Tom asks what social networking companies I was referring to in my previous post.
I was thinking of projects such as Digg, Flavorpill, Xanga, MySpace, Pitchfork, YouTube, Flkr, NewsVine - even Yahoo Media, which has abandoned plans to be a big producer of video content in favor of giving its users the ability to produce and share content for the site. All of these companies are building interactive communities where the roles within the community are varied and changing. Sometimes you're the consumer, sometimes you're the artist, sometimes you're both. People make a bigger investment in these communities when they feel like participants in some way rather than passive bystander.

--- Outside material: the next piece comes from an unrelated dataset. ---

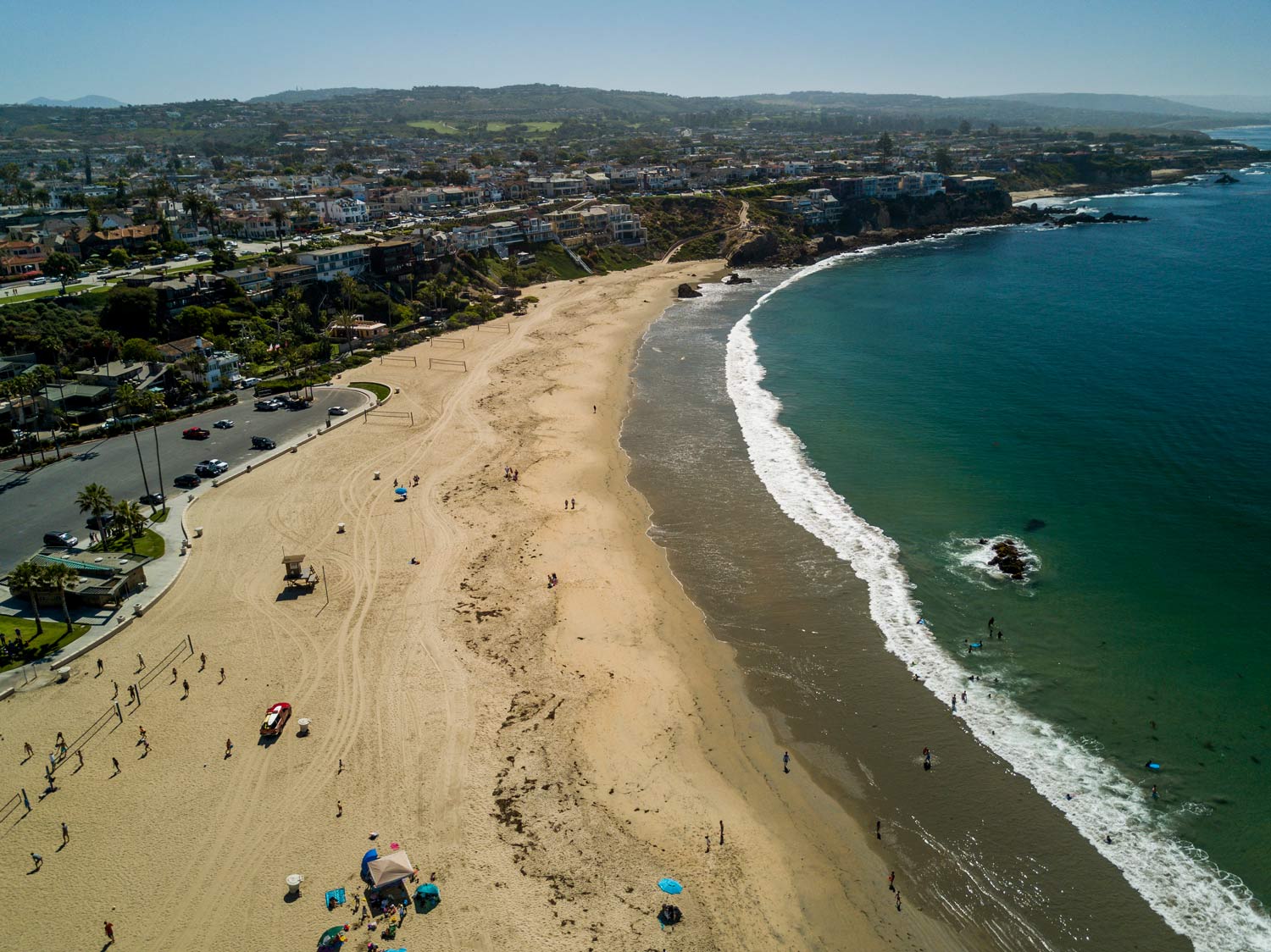 Aerial view of a sandy beach with waves, swimmers, and a coastal city under a clear sky.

One of the most successful of these, by the way is Harlequin Romance, which has an elaborate and high-trafficked site that helps aspiring romance novelists to write their own books, post stories, ask for help, and interact with the publisher and its writers. The site helps these visitors imagine themselves as writers, treats them seriously and hooks them up with others who care about these books. They become seriously loyal to Harlequin and part of its core audience.


Wouldn't You Love To Write Trashy Romance Novels?
Thomas Cabaniss
Thinking about these interactive networks on the web and John Shibley's exhortation to think more deeply, radically about intentions and beliefs makes me realize how incrementally tentative we can be in the orchestra world. Perhaps a more drastic reimagining could help point us in more productive directions.
What if there were an orchestra that was a flexible ensemble, performing equal amounts chamber music, early music, (perhaps an even greater proportion of) new music, education concerts for all ages, and defined its mission as an artistic/educational institution on a 50/50 basis? (admittedly, sounding a lot like St Luke's) And what if this ensemble did not perform concerts but mounted participatory events that combined aspects of concertizing, multi-disciplinary explorations and network building, drawing on some of the groundbreaking work of the Berlin Phil's ed department...Would you want to come to events like those?